Sixteen Sprigs is the past time and passion
of Wynne Wright.
Wynne’s brother and his son, Wesley, continue the family farming tradition on the homeplace in Simpson and Logan Counties. Wesley is the fifth generation of their family to live there and operate the farm that has been in continuous operation for 75 years. Today, Wynne eats and farms in both Lansing and Ithaca, Michigan.
At Sixteen Sprigs, we are fortunate to have good draining, sandy loam soil, that is ideal for growing lavender. Several Angustifolia or ‘English’ lavender varieties are grown on the farm including Folgate, Hidcote, Provence, Royal Velvet, Super and Melissa. We also produce Lavandin (aka, lavendula x intermedia or ‘French’ lavender) cultivar Grosso. You’ll find many bloom at different times of the summer which produces a steady array of colors and scents for the senses.
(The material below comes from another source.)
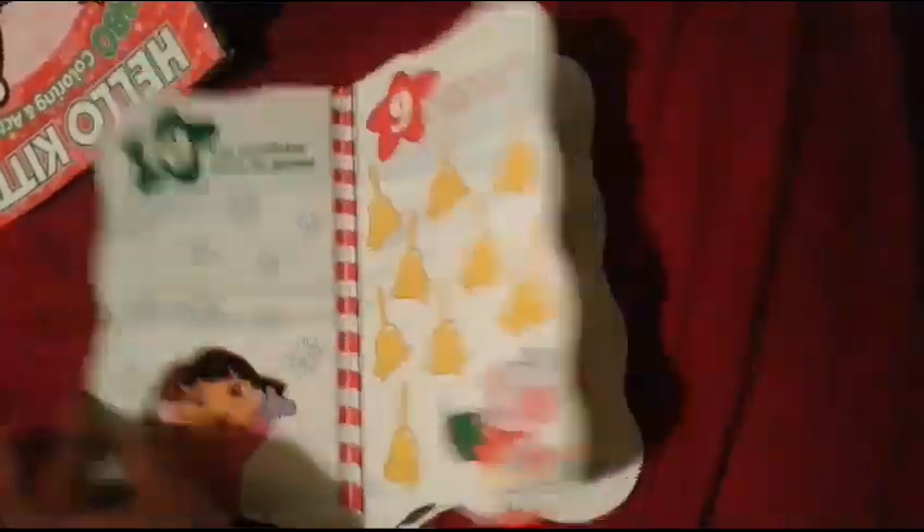I'm going to show you all in this one too. So this is what's going to go on the tree. This is a book — it's just Dora's Counting Christmas. You know, it's just counting stuff.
We start the lavender season with the blooming of the compact Folgate lavender, which tends to turn purple in mid-June and the other varieties gradually follow with the showy and long stemmed Grosso closing out the season in mid to late July. Lavender is a short season, which is why it is crucial to get out and enjoy it as much as possible. During this time, we will be harvesting bundles for bouquets or for distilling essential oils as well as buds for drying that will ultimately end up in a sachet or eye pillow for you to take home. By late August, we are pruning and preparing to put the lavender to bed for the winter.
Wynne currently serves as Coordinator for the Great Lakes Lavender Growers and sits on the Board of Directors of the U.S. Lavender Growers Association. As an academic, her research focuses on the changing structure of agriculture and its impact on farm families and rural communities. She is especially committed to research that focuses on the role of women in agriculture. She is also committed to the advancement of a thriving lavender industry as a way to diversify agriculture, create opportunities for women farmers, and as a venue to initiate a more sustainable farming culture.